**Task to carry out**: Copy exactly the stretch of lines from the one holding "Apple iPad Camera" through the last line of the data below, inclusive. Leave out pictures.

**Source material**:

+-------+

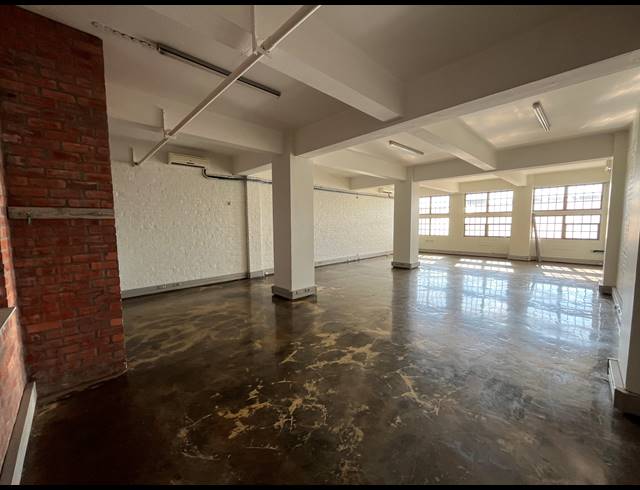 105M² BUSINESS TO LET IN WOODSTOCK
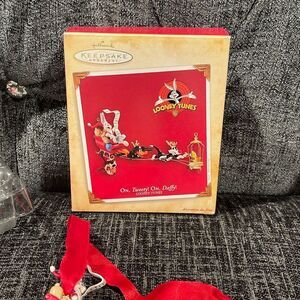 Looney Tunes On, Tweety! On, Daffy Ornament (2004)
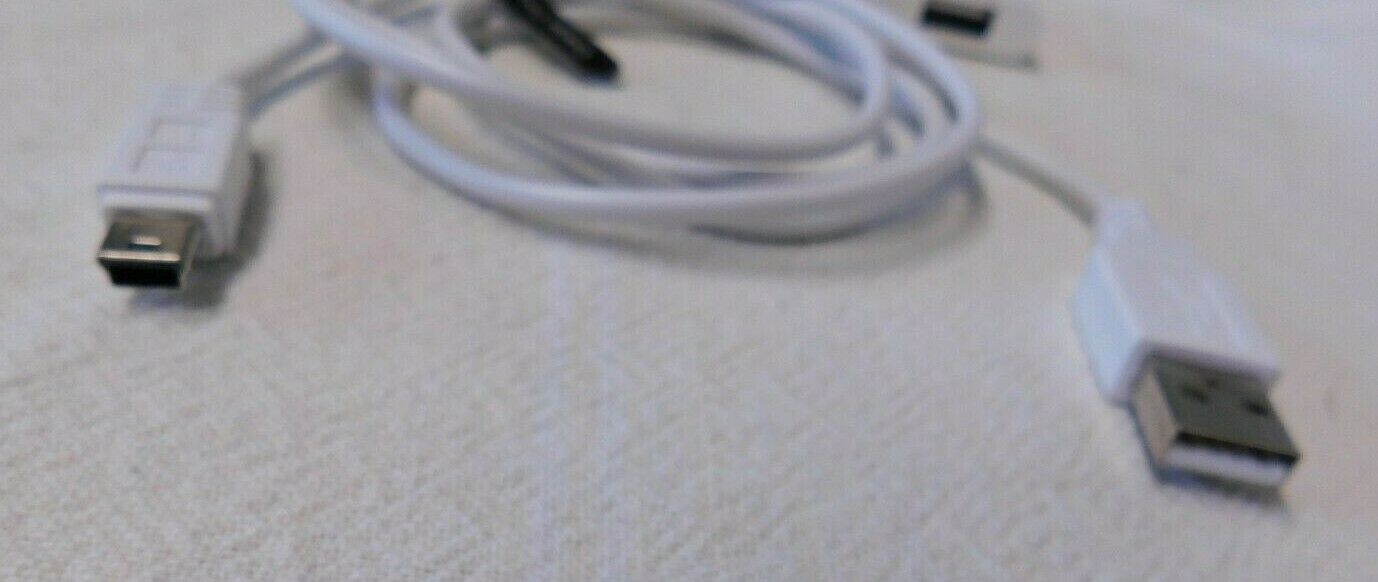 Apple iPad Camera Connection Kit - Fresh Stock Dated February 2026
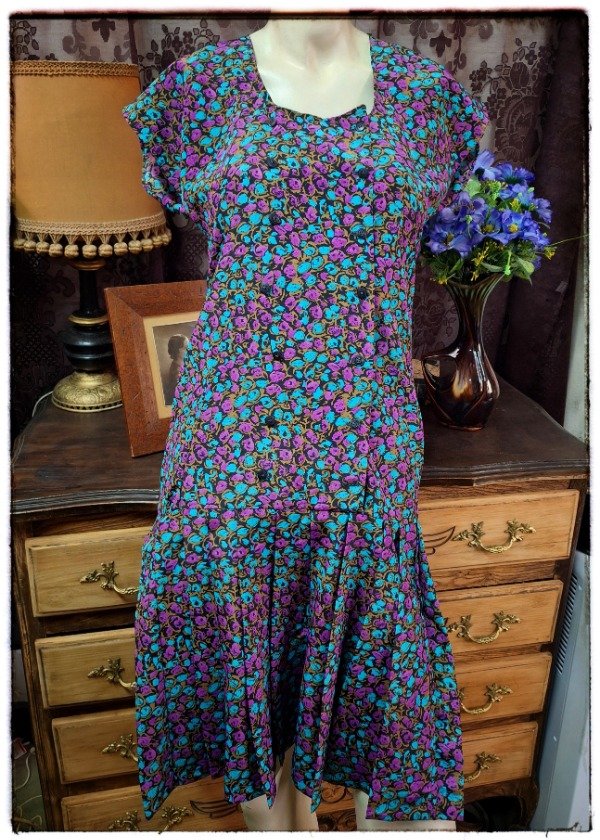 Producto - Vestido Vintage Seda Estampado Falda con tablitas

+-------+

**Expected answer**:
 Apple iPad Camera Connection Kit - Fresh Stock Dated February 2026
 Producto - Vestido Vintage Seda Estampado Falda con tablitas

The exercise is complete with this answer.